Saat Nathan tiba di depan kamar Aubree, dia segera masuk ke dalam kamar Aubree. Aroma rose mulai tercium di indra penciuman Nathan kala pria itu memasuki kamar Aubree. Nathan mulai melangkah menuju ranjang—lalu dia membaringkan tubuh Aubree ke atas ranjang. Tampak Aubree masih tertidur begitu pulas. Bahkan ketika Nathan sudah memindahkan tubuhnya, Aubree masih tetap tak kunjung membuka mata.

Napas Nathan semakin memberat melihat pakaian Aubree yang benar-benar terbuka. Pria itu segera menyelimuti tubuh Aubree. Entah fashion apa yang diikuti oleh gadis aneh itu tapi penampilan Aubree sama seperti dengan nyaris telanjang.

Detik selanjutnya, Nathan hendak melangkah pergi. Namun gerak Nathan terhenti kala tiba-tiba Aubree melingkarkan tangannya memeluk lehernya. Nathan tergelak terkejut. Meski memejamkan mata tapi gadis itu masih bisa memeluknya.

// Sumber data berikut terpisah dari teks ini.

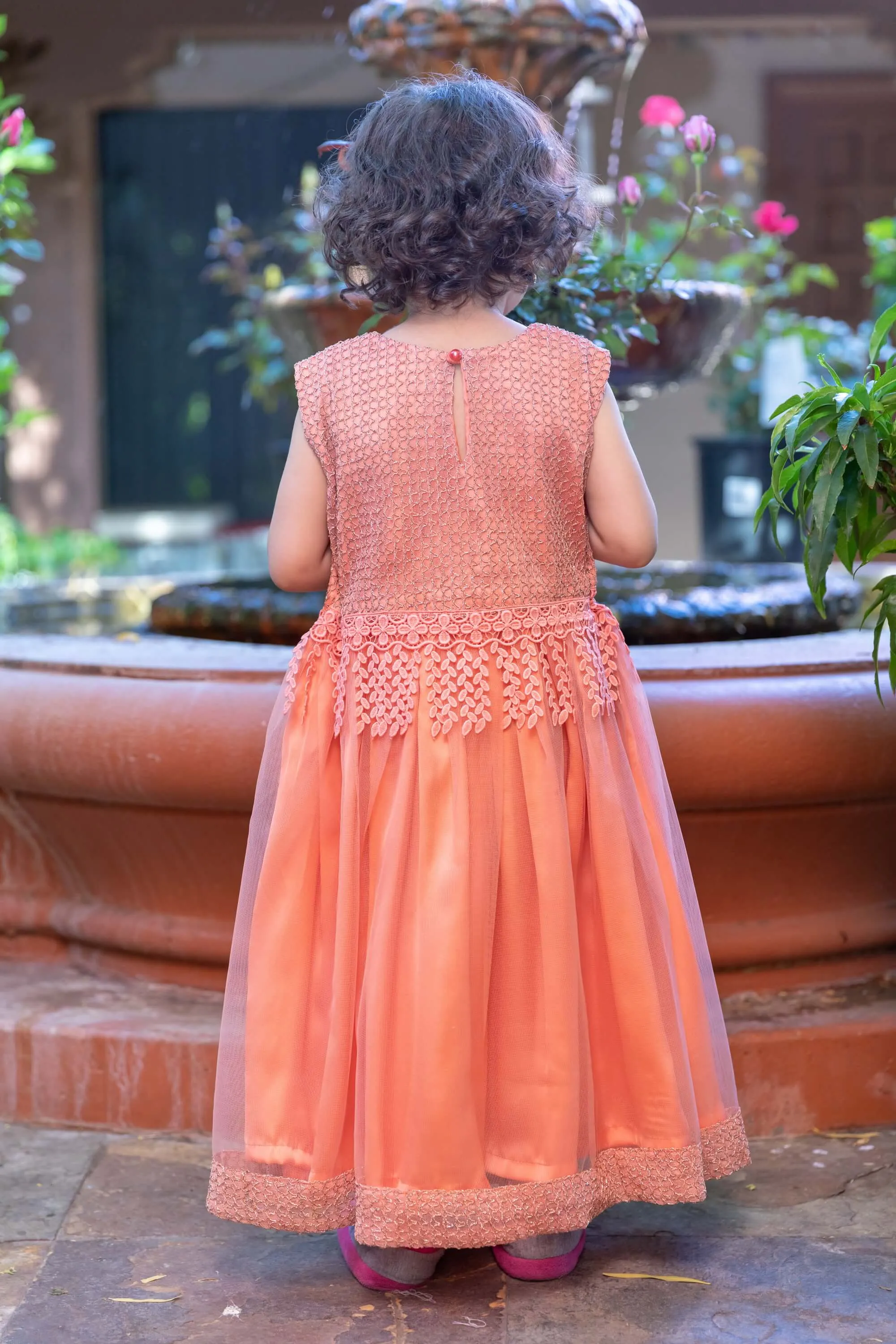 Girls Peach Net Dress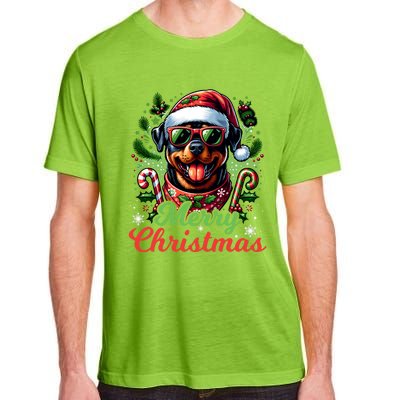 Festive Rottweiler Santa Hat Cheerful Christmas Dog Xmas Adult ChromaSoft Performance T-Shirt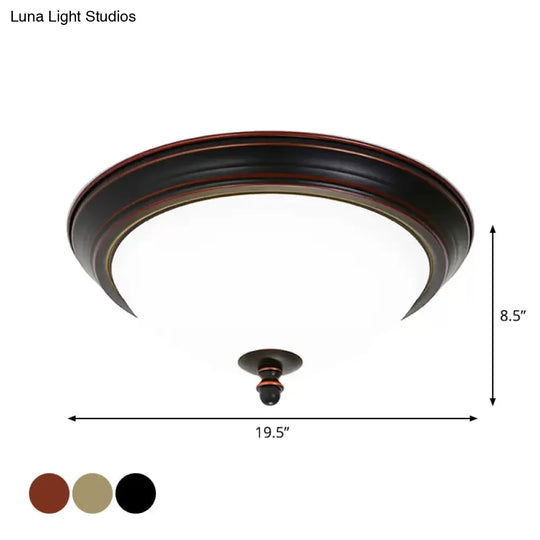 Bowl Shaped Led Ceiling Light In Minimalist Black/Bronze/Dark Coffee Milk Glass Flush Mount Fixture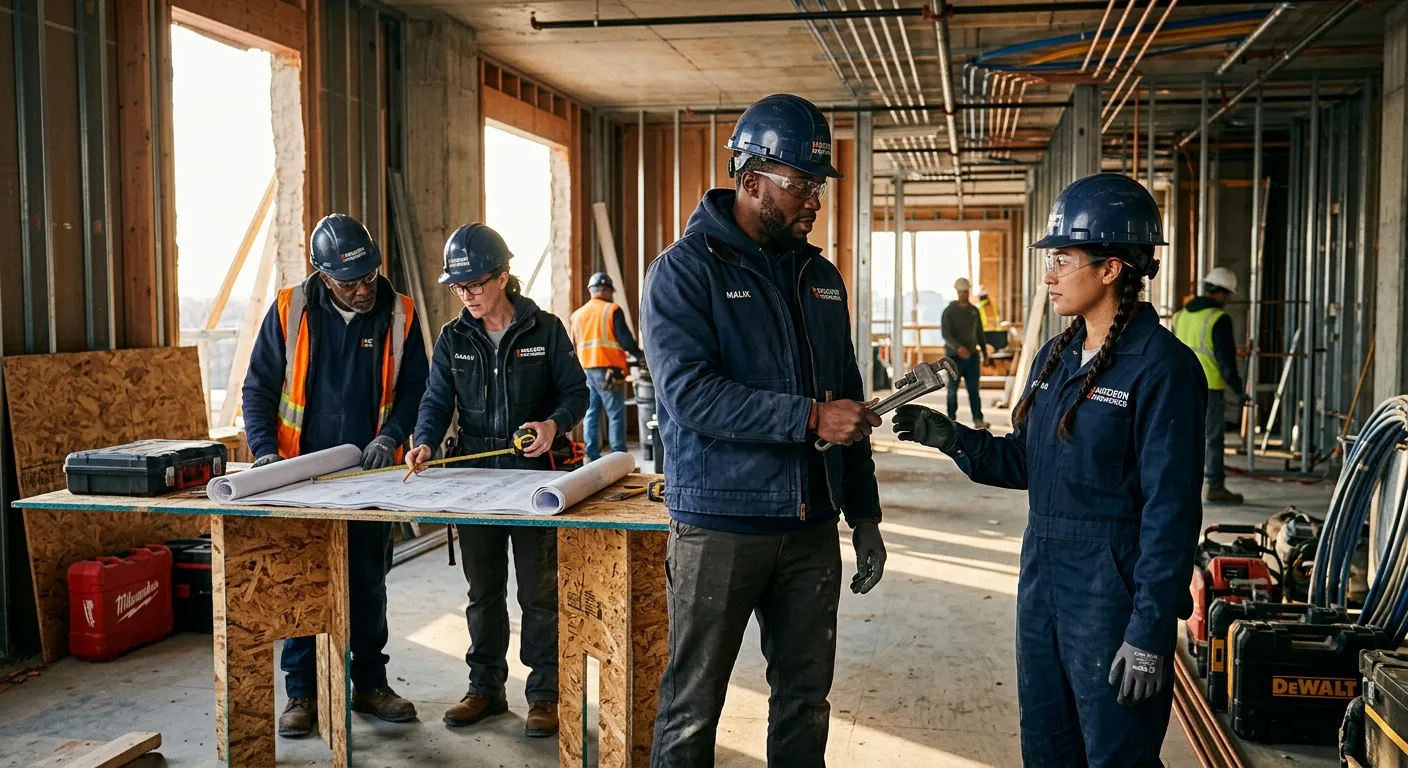 A professional, high-contrast image of a diverse team of plumbers and their mates working collaborat... A professional, high-contrast image of a diverse team of plumbers and their mates working collaboratively on a modern construction site. One is handing a tool, another is reading a blueprint. The mood is focused, skilled, and professional.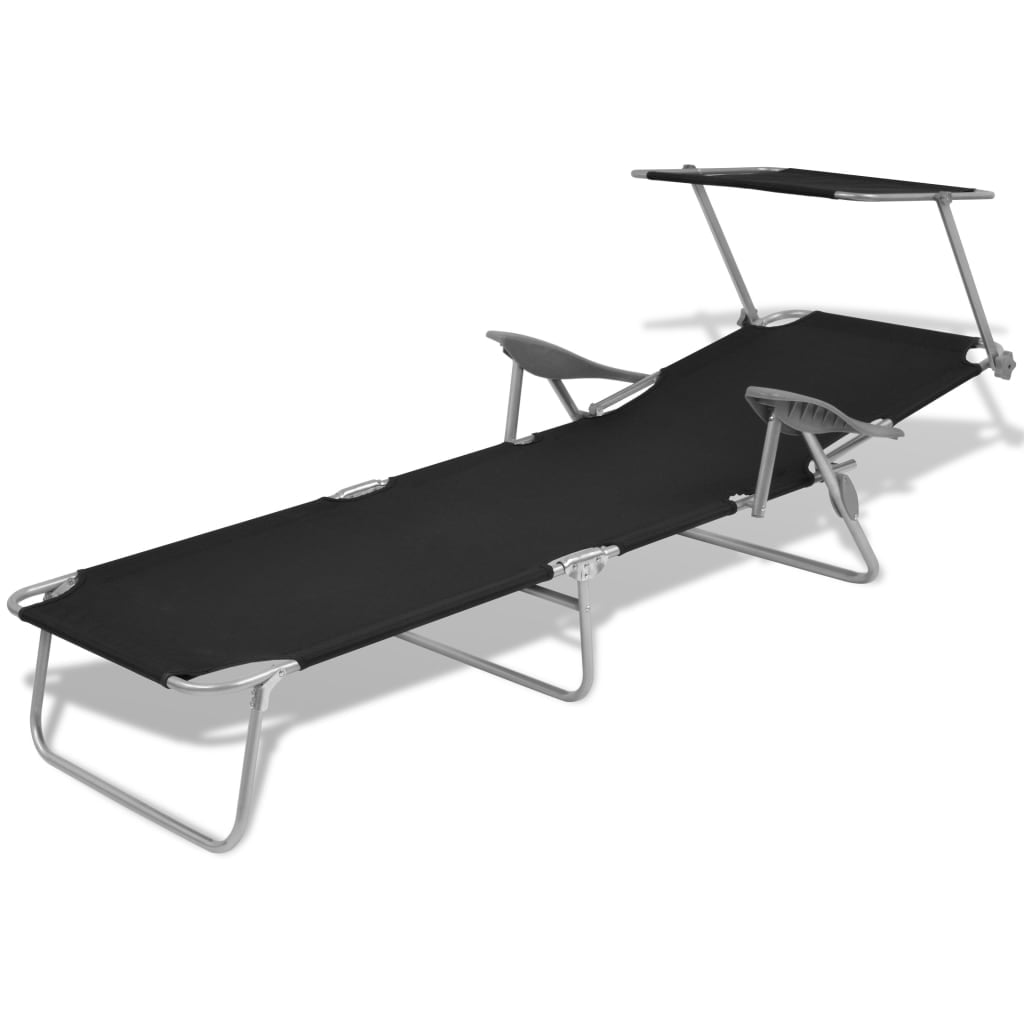 Kepooman Outdoor Patio Foldable Steel Sun Lounger with Adjustable Canopy, Black Kepooman Outdoor Patio Foldable Steel Sun Lounger with Adjustable Canopy, Black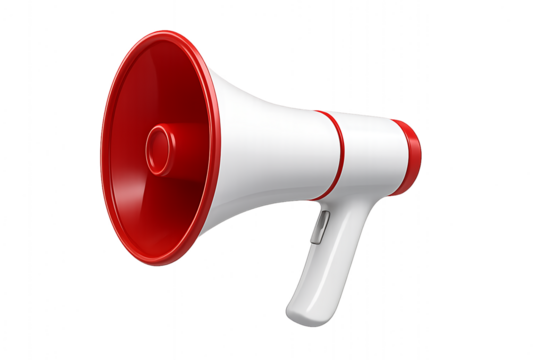 Red and white megaphone isolated on transparent background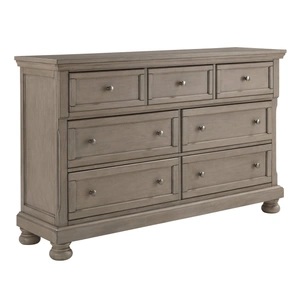 Ashley Furniture Ashley SM Lettner Wood 7-Drawer Dresser, Burnished Light Gray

“Nathan … aku mencintaimu.” Aubree meracau mengigau dengan mata yang masih tertutup.

Nathan berdecak. Gadis aneh itu bahkan bisa-bisanya mengucapkan cinta saat tertidur. Nathan segera melepaskan tangan Aubree yang melingkar di lehernya. Awalnya Nathan kesulitan karena Aubree memeluk lehernya begitu erat. Namun, perlahan Nathan bisa melepaskan tangan Aubree yang melingkar di lehernya itu.  

“Tidurlah, aku harap besok otakmu sudah jauh lebih waras dari hari ini.” Nathan bergumam pelan. Kemudian, pria itu bangkit berdiri dan melangkah pergi dari kamar Aubree.